The South Bruce Grey Health Centre has provided more information about the status of its staffing shortage in a series of public meetings.
It’s been giving community updates at a series of meetings in the area, the last of which is at the Walkerton Community Centre on Nov 20th at 6 p.m.
SBGHC, which runs hospitals in Kincardine, Walkerton, Durham and Chesley has also gathered up community feedback on its hospital services and put together a report.
The Chesley and Durham hospitals have seen service reductions over the past few years and Durham’s ten inpatient beds were moved out of the hospital this past summer and shared among the Kincardine and Walkerton sites.
South Bruce Grey Health Centre maintains that it does not currently have the staffing resources to maintain 24/7 emergency services at the Chesley and Durham sites.
It says in order to go back to full operation it needs to reduce its vacancy rate for registered nurses to zero. SBGHC says before moving Durham’s inpatient beds, the SBGHC average vacancy rate for registered nurses across all four sites was 44 per cent. It says now, its vacancy rate is 12 per cent as a result of reducing hours in Chesley and Durham and moving Durham’s beds.
The SBGHC says, from January to October 2024, they have hired 12 registered nurses (full time and part time positions, not including casual). They note, of the 12, two have been hired for the Chesley site (one single site, one dual site) and two have been hired for the Durham site (dual site). They say, “This is a notable increase over the previous two years, with more hires and less resignations/retirements.” Staffing numbers from SBGHC say in 2022, they hired ten registered nurses and there were nine resignations or retirement. In 2023 they hired six nurses and there were two resignations or retirements. In 2024, they’ve hired 12 nurses and there have been five resignations or retirements.
A dual site nurse works at more than one site, which SBGHC says is beneficial, explaining, “There have been circumstances where staff have been reassigned from the Walkerton or Kincardine sites to either Chesley or Durham to avoid a closure, and vice versa. As there are more staff at the Walkerton and Kincardine sites, there are many instances where staff have been pulled to avoid a closure at the Chesley or Durham sites.”
They say from April to August, they filled 341 shifts with agency nurse staffing, which is on average 2.2 shifts per day across SBGHC’s four sites.
The hospital organization has outlined a number of measures that may help with recruitment in its report. Notably, it says it’s participating in the Community Commitment Program for Nurses (CCPN), which provides a $25,000 incentive to eligible nurses in exchange for a two-year commitment to an employer. It’s also taking part in other grant and tuition reimbursement programs, job fairs, and training programs.
Meanwhile, they say over 800 people responded to their survey and hundreds attended meetings over the summer to give feedback and hear from South Bruce Grey Health Centre President and CEO Nancy Shaw.
The SBGHC’s report says “We hear you – it is evident that many people in our community would like to see 24/7 emergency care restored at the Chesley and Durham sites and for the inpatient beds to be returned to the Durham site.”
But it adds, hospitals around the province have significant staffing challenges, and in the local case Chesley and Durham in particular. They say, “As a result, we cannot commit to restoring these services at this time due to ongoing staffing
shortages. We must use our limited resources wisely to ensure we are maintaining consistent high-quality care for our patients.”

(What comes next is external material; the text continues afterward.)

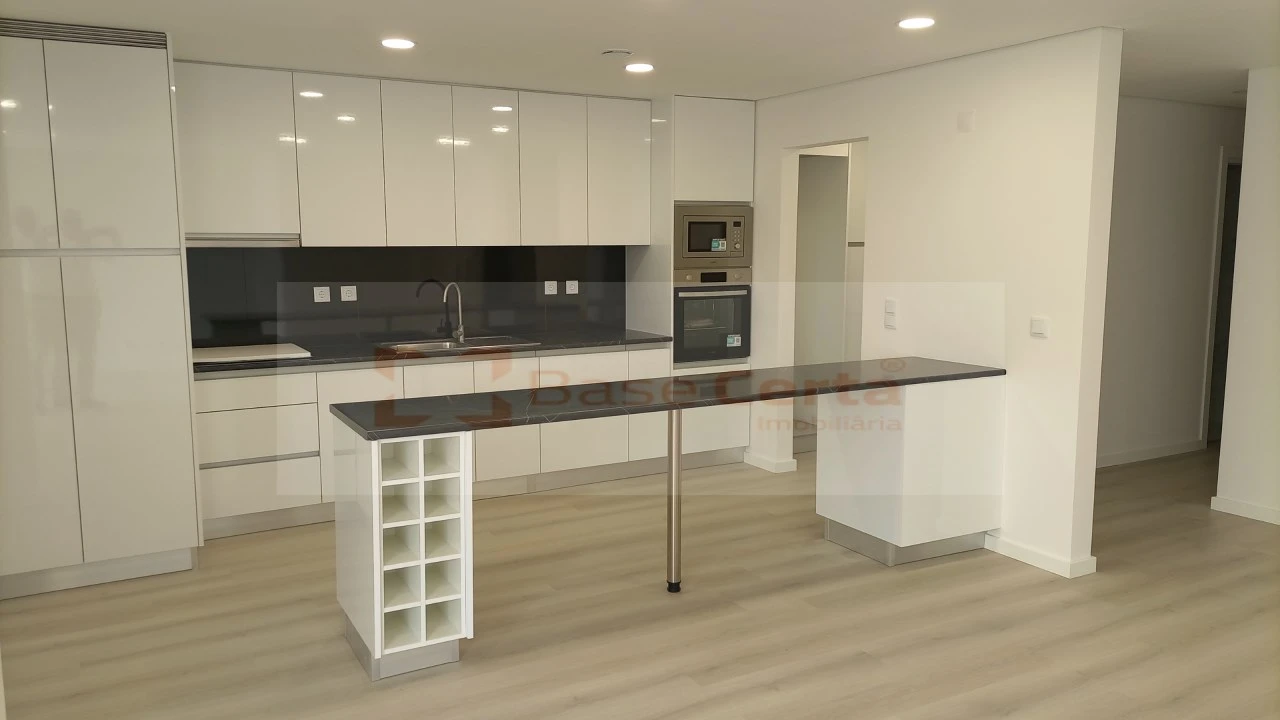 Apartamento T3 para Venda em Vialonga Foto 44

SBGHC says (keeping in mind there isn’t 24/7 ER service) some survey respondents said they wanted later emergency service hours, noting 36 per cent would like to see their ER open from 10 a.m. to 8 p.m.
Others wanted to see longer hours staggered between the Chesley and Durham sites, increased hours including keeping Chesley open on weekends or aligning diagnostic imaging hours with ER hours.

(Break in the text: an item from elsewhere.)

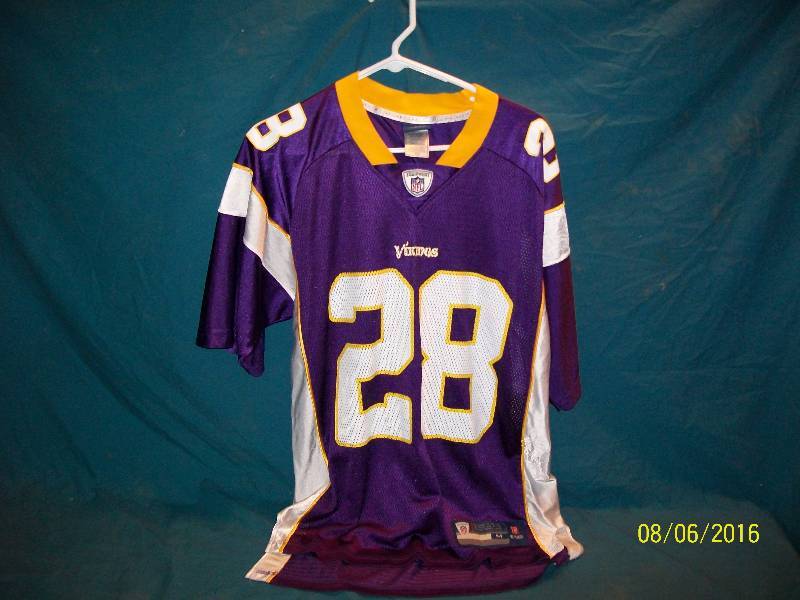 lot 17 image: Viking #28 Peterson Medium NFL On Field Viking Jersey #28 Peterson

All survey questions were based on the assumption there would not be 24/7 ER service in Chesley and Durham.
Given that, if the Durham and Chesley sites were to be repurposed to provide other types of care, 75 per cent of respondents wanted primary or family doctors, 62 per cent wanted urgent care, 33 per cent wanted mental health and addictions services, and others wanted specialist clinics.
SBGHC says, right now, people are traveling outside the Durham and Chesley areas for specialist appointments like dermatology, ear, nose and throat specialists, gynecology and cardiology. They’re also traveling for family doctors and walk-in clinics, eye care, dialysis and mental health care.
It says, looking at what might be offered in Chesley and Durham, “SBGHC sees potential opportunities for enhanced access to care in the following areas: Echocardiograms, mental health services, outpatient lab services, urgent care, visiting specialists or hospice care.
They say they are looking at partnerships with local organizations to bring more services to the hospitals, like mental health services in Durham for example.
They also note there is a lack of access to primary care in the area and say, “While hospitals are not responsible for the delivery of primary care, we will be reviewing models in other communities that have effectively integrated these services with their hospital system and will work with our partners to advocate for enhanced primary care in our region.”